15 Jun 2026 9:36 AM | Kendall Marriott (Administrator)

Co-designing and co-facilitating health professional education with people who have lived experience of health conditions creates authentic and meaningful opportunities for student learning. In 2024, the Interprofessional Parkinson’s Workshop for medicine, nursing, physiotherapy, occupational therapy, and speech pathology students was implemented at the University of Tasmania and is running in its third iteration this year. Co-design is the central tenant of the workshop, with the session being co-designed and co-facilitated by both people with lived experience of Parkinson’s disease or lived experience of caring for someone with Parkinson’s disease (PwLE), and by local clinicians.

The Interprofessional Parkinson’s Workshop addresses research by Anderson et al. (2025) which reports that service users and PwLE have not been sufficiently involved in designing or delivering entry to practice interprofessional education initiatives. To ensure that the design of the workshop was deeply informed by contemporary evidence, best-practice frameworks were applied during the design process including the Think Local Act Personal ladder of co-design (Think Local Act Personal, 2026) and the Patient Engagement in Research Plan (Hamilton et al., 2018). Pedagogical best practice was also at the forefront of the design. The workshop intended to increase students’ knowledge and understanding of Parkinson’s and extend students’ interprofessional collaborative practice capabilities. The session learning outcomes are aligned with an Interprofessional Capability Framework (Brewer et al., 2013), with a focus on role clarification, reflective practice, person-centred care, interprofessional communication, and collaborative practice.
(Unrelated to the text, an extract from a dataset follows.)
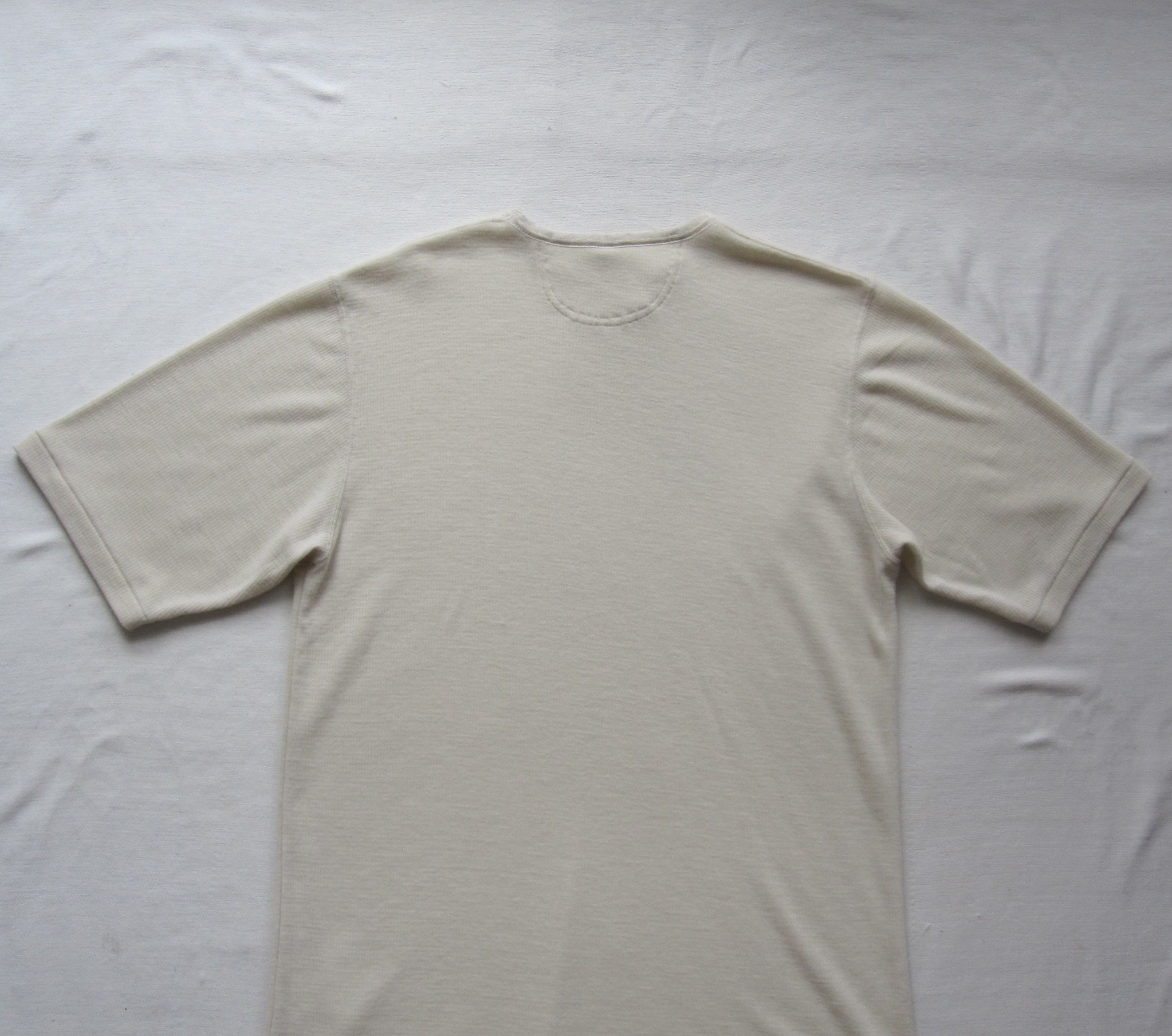 Freewheelers “CREW NECKED WOOL KNIT” SHORT SLEEVE SHIRT Size US L / EU 52-54 / 3 - 8 Thumbnail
Our approach to engaging with both PwLE stakeholders and local clinicians during the co-design and workshop delivery strived to dismantle any potential preconceived notions of the health professional being the ‘expert’. Rather, a collaborative approach, where the person receiving healthcare is placed at the centre of the care team, in line with the recommendations for best practice Parkinson’s care by Bloem et al. (2021), was adopted during the workshop. This evidence-based approach was used to highlight the vital importance of the lived experience, was used to model a collaborative approach to healthcare interactions, and was used to model patient-centred care to the students in the room. Following the workshop, a medical student spoke to one of the facilitators and said that ‘now I know why allied health needs to be involved in discharge planning’.

Initial results from the pilot evaluation (Martin et al., manuscript under review), show that of those who attended and were eligible, 92.7% (77/83) were recruited to the research survey. Following the workshop, students reported that they gained an awareness of the skills various professions specialised in, in addition to common skills and roles required of all health professionals. One such role was advocating within the healthcare system to improve care for PwLE. The opportunity that the Interprofessional Parkinson’s Workshop provides, for learners to develop their interprofessional identity (i.e., their shared roles) in group-based learning environments, aligns with socialisation theory (Tajfel et al., 1986). The socialisation theory relates to the interprofessional socialisation framework, which aims to support educators in the development of health professional students’ dual identities, these being their interprofessional identity and their professional identity (Khalili et al., 2013).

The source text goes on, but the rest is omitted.